**WHAT YOU NEED TO DO**
The listing is to be reproduced exactly, excluding its pictures.

**INFORMATION SUPPLIED**
##############################

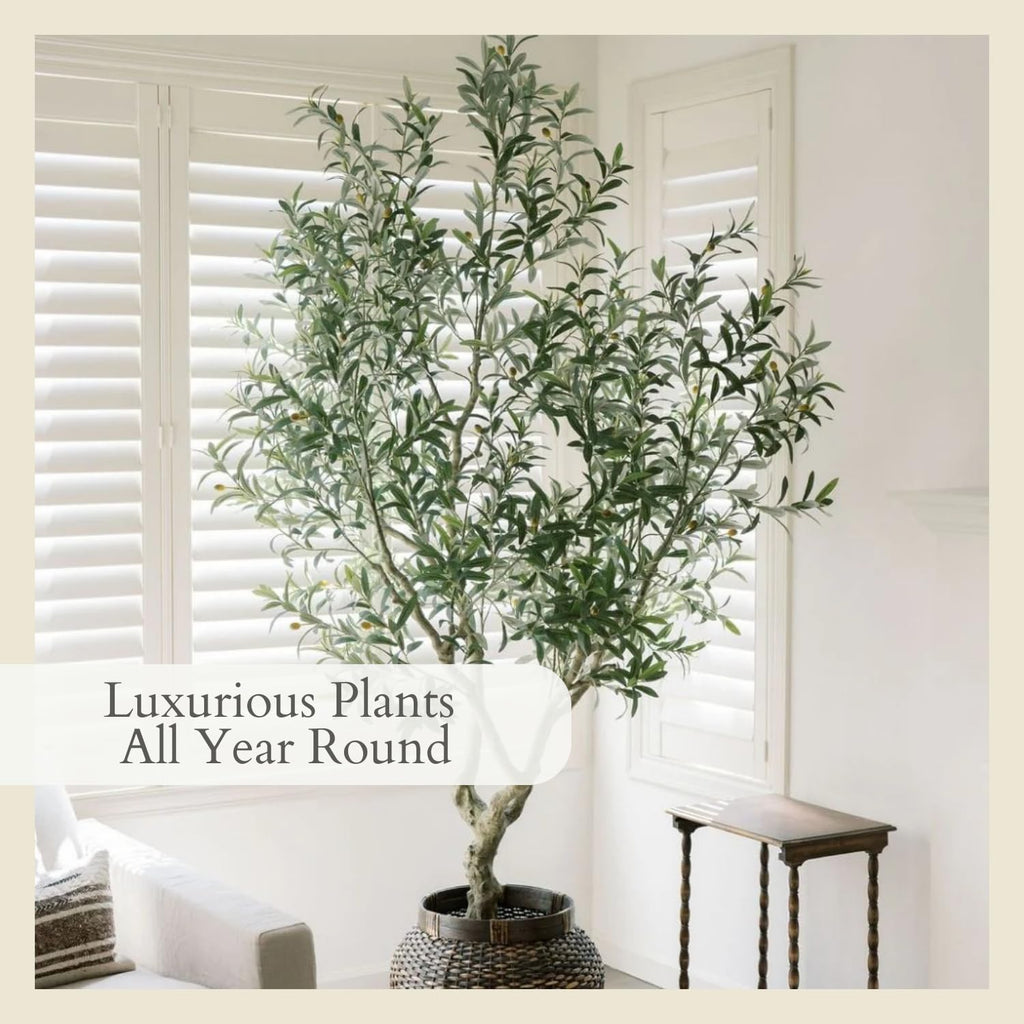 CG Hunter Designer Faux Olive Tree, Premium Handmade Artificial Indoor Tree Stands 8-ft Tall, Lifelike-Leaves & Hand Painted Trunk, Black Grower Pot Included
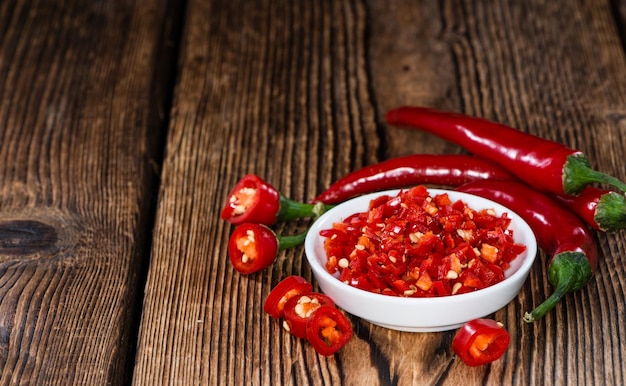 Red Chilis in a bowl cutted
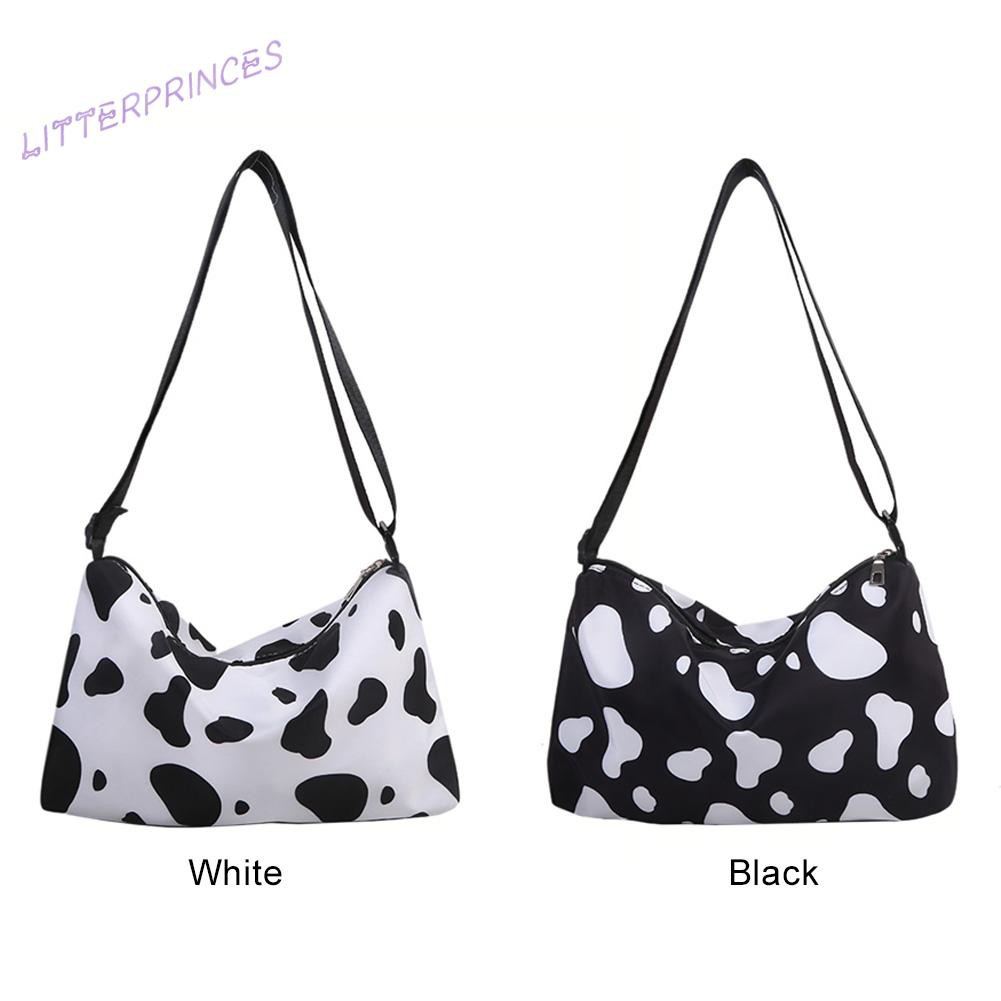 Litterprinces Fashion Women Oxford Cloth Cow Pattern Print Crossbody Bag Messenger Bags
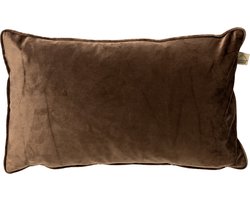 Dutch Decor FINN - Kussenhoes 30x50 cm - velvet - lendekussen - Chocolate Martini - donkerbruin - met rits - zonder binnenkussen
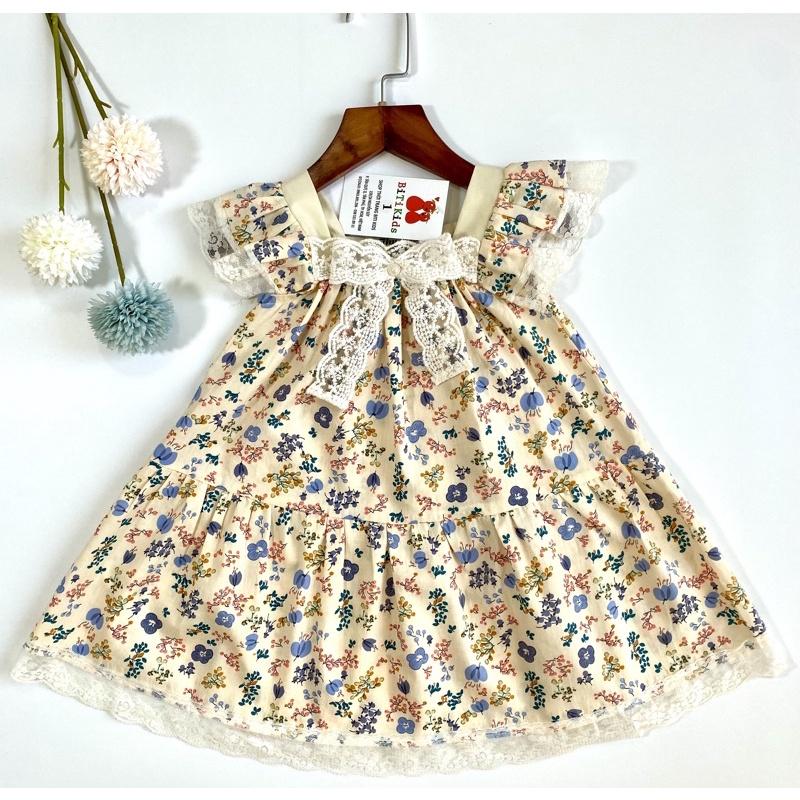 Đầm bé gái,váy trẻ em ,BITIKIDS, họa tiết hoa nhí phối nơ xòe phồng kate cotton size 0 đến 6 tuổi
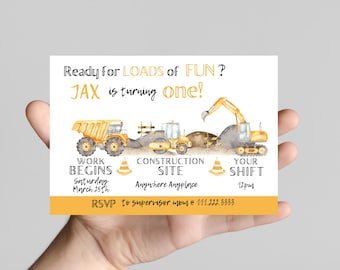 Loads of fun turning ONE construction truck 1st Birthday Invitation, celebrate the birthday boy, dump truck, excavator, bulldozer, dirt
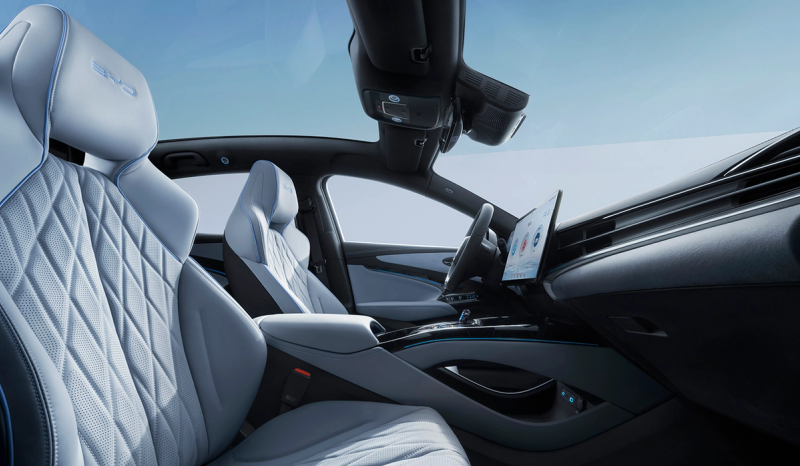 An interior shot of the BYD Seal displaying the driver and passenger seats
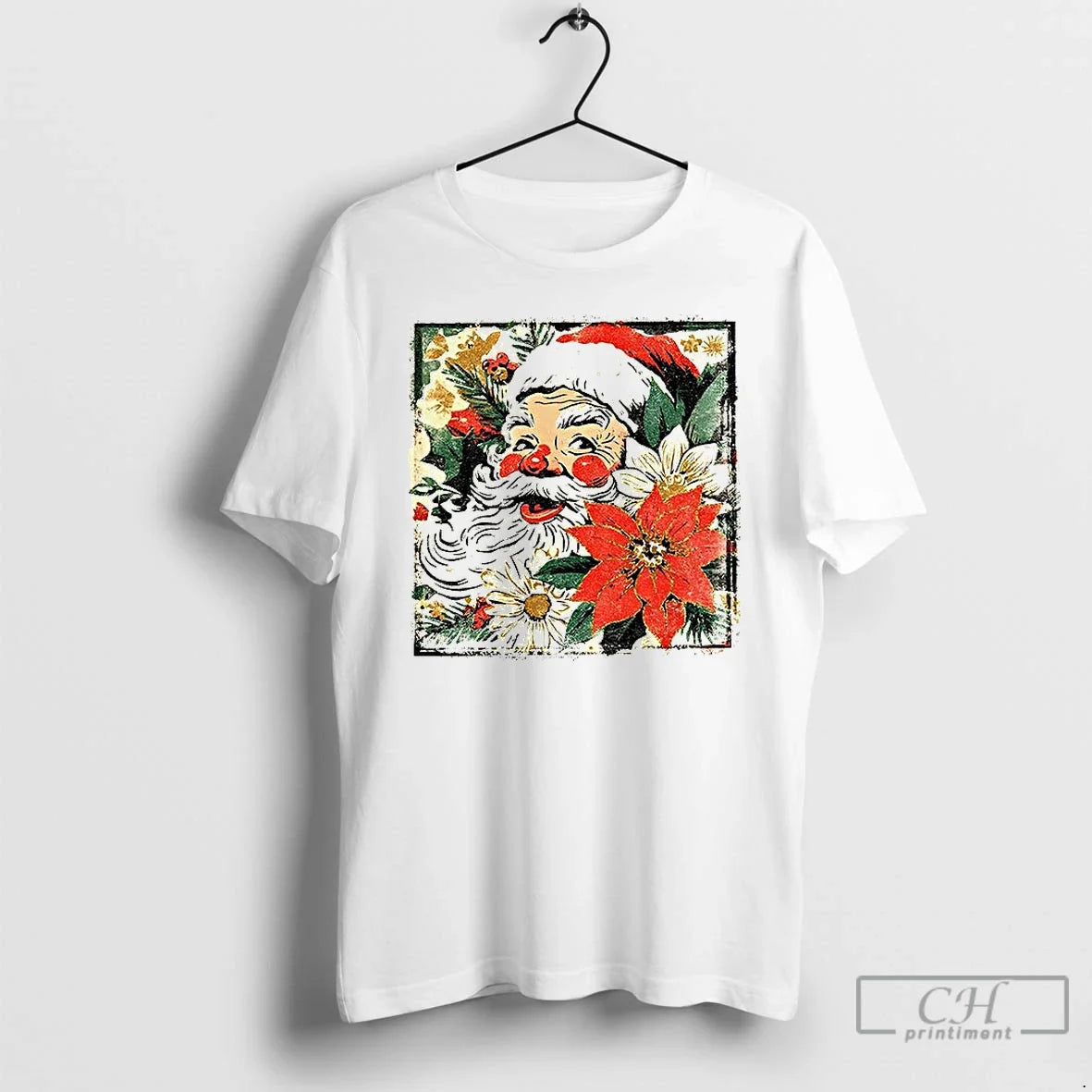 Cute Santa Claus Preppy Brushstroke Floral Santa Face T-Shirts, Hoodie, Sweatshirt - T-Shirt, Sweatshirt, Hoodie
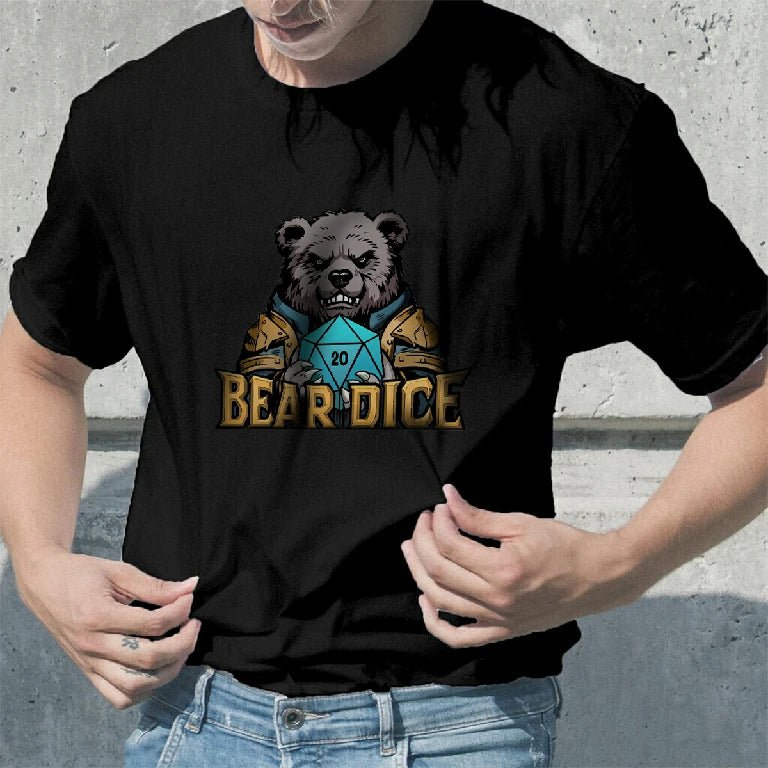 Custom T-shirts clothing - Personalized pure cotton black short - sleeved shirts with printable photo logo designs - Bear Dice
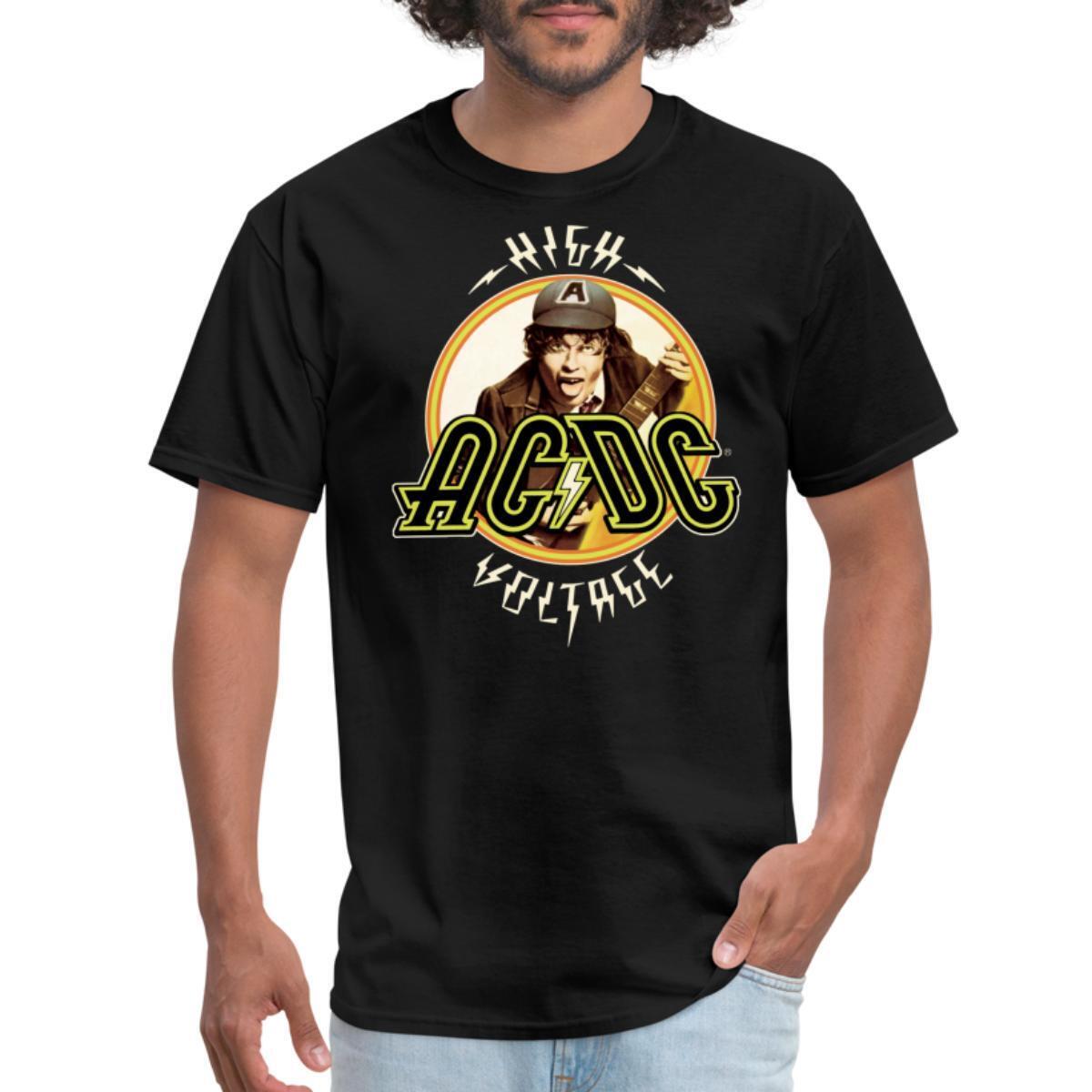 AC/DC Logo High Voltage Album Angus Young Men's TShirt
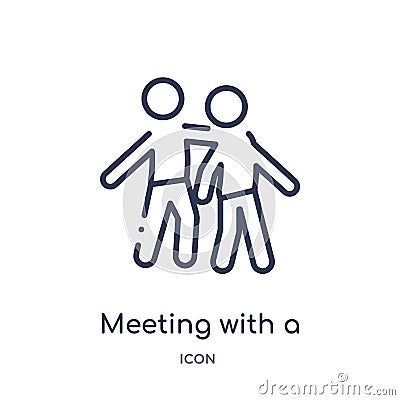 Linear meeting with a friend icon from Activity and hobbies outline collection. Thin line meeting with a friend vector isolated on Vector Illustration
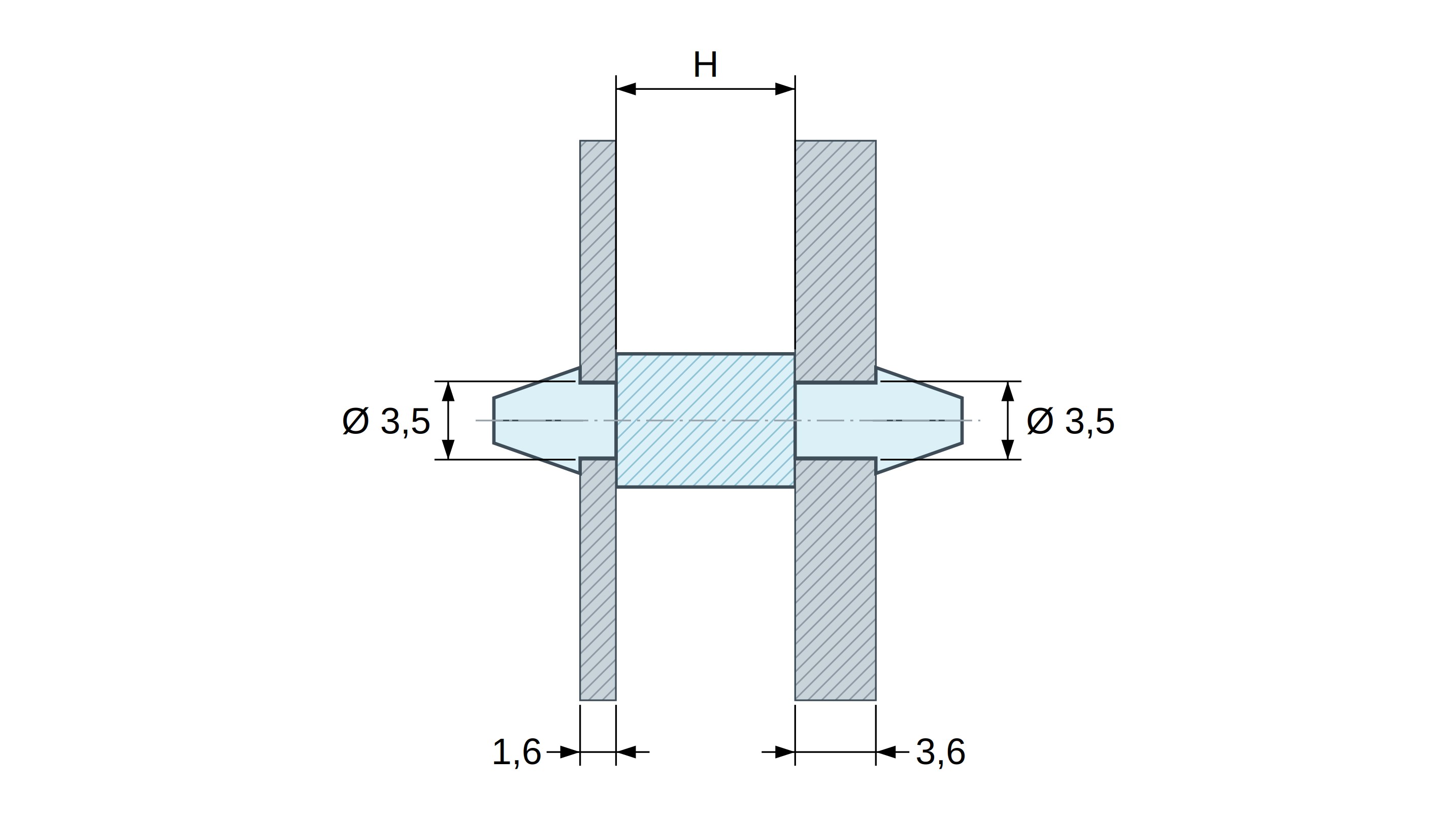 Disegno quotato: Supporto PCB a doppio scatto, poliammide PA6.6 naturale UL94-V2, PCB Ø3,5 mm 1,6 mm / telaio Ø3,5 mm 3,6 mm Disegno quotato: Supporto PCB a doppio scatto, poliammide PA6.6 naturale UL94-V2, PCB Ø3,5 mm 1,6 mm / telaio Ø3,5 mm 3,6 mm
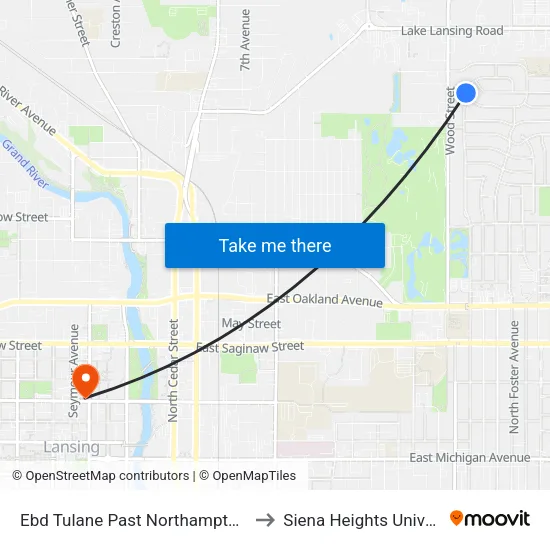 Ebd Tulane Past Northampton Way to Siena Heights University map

##############################

**ANSWER AREA**
 CG Hunter Designer Faux Olive Tree, Premium Handmade Artificial Indoor Tree Stands 8-ft Tall, Lifelike-Leaves & Hand Painted Trunk, Black Grower Pot Included
 Red Chilis in a bowl cutted
 Litterprinces Fashion Women Oxford Cloth Cow Pattern Print Crossbody Bag Messenger Bags
 Dutch Decor FINN - Kussenhoes 30x50 cm - velvet - lendekussen - Chocolate Martini - donkerbruin - met rits - zonder binnenkussen
 Đầm bé gái,váy trẻ em ,BITIKIDS, họa tiết hoa nhí phối nơ xòe phồng kate cotton size 0 đến 6 tuổi
 Loads of fun turning ONE construction truck 1st Birthday Invitation, celebrate the birthday boy, dump truck, excavator, bulldozer, dirt
 An interior shot of the BYD Seal displaying the driver and passenger seats
 Cute Santa Claus Preppy Brushstroke Floral Santa Face T-Shirts, Hoodie, Sweatshirt - T-Shirt, Sweatshirt, Hoodie
 Custom T-shirts clothing - Personalized pure cotton black short - sleeved shirts with printable photo logo designs - Bear Dice
 AC/DC Logo High Voltage Album Angus Young Men's TShirt
 Linear meeting with a friend icon from Activity and hobbies outline collection. Thin line meeting with a friend vector isolated on Vector Illustration
 Disegno quotato: Supporto PCB a doppio scatto, poliammide PA6.6 naturale UL94-V2, PCB Ø3,5 mm 1,6 mm / telaio Ø3,5 mm 3,6 mm Disegno quotato: Supporto PCB a doppio scatto, poliammide PA6.6 naturale UL94-V2, PCB Ø3,5 mm 1,6 mm / telaio Ø3,5 mm 3,6 mm
 Ebd Tulane Past Northampton Way to Siena Heights University map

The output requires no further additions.